Every day, development cooperation workers make international solidarity possible and give people the means to stand up and build a future for themselves. Such is our mission.
We must work together across borders as partners. Not for charity, but because we have the same challenges and all live together on the same planet. More than ever, we realise that people are connected globally. No matter who or where, the challenges and the dreams are often the same. So are the concerns.
Indeed, in times of uncertainty, solidarity is always the solution. This is the positive thing we should remember of corona times: We have managed this pandemic by working together across borders. Last winter’s Omicron variant taught us a harsh lesson: Global challenges cannot be solved nationally. We will not be safe until everyone is safe.
Unfortunately, we are not there yet. Two years after the outbreak of the pandemic, today more than 85% of the people in Africa are still not fully vaccinated. But we are making progress and I am proud that within Europe Belgium is playing a leading role in accelerating access to vaccines worldwide. Together with the World Health Organisation, we invested in South African scientific research that led to the unravelling of the mRNA code of the corona vaccine. This is a real breakthrough for global health. Not only to accelerate the local production of corona vaccines, but also in the long-term fight against infectious diseases. That is exactly what development cooperation should be for me: not charity, but providing tools to sustainably strengthen countries and people worldwide.
‘For the first time, we have launched a climate programme in the Sahel region that no longer invests in each partner country individually, but rather focuses on a global approach.’

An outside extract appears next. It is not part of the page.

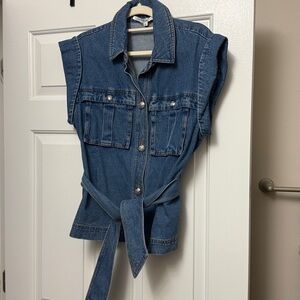 Veronica Beard Denim Jacket Vest Sz M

After all, the willingness to make a difference is strong. Young people no longer shy away from the greatest challenges of the century because they know they are not alone. Every action matters. The climate marches of young people all over the world started because today we are in touch with each other at all times. They made it clear to the world that it is more than ever time to join forces. Climate change requires a common international solidarity approach.
For the first time, therefore, we have launched a climate programme in the Sahel region that no longer invests in each partner country individually, but rather focuses on a global approach. Both at the Glasgow COP26 and in the Sahel region, young people gave me the same message: We must act now, to secure the future. Young people realise better than anyone else that extreme droughts in countries such as Burkina Faso and Senegal are jeopardising future dreams of the local population but are also having an impact elsewhere.
Looking back at the past year, one cannot, unfortunately, avoid gloom. The human suffering caused by conflict is unseen. The war in Ukraine is the latest on a list of humanitarian crises. Millions of people are currently fleeing Ukraine for Europe, while needs are also high in Afghanistan and hunger is ruthlessly spreading in Yemen. With our humanitarian partners, we are doing all we can to get aid to the people as quickly as possible, wherever it is needed.
In recent weeks we have seen that Belgian solidarity is powerful and help goes strong. In the coming months and years, we will resolutely extend this wave of solidarity to all people in need, all over the world. For those fleeing war must be helped. Without distinction of origin, religion, colour or gender. All refugees are human beings.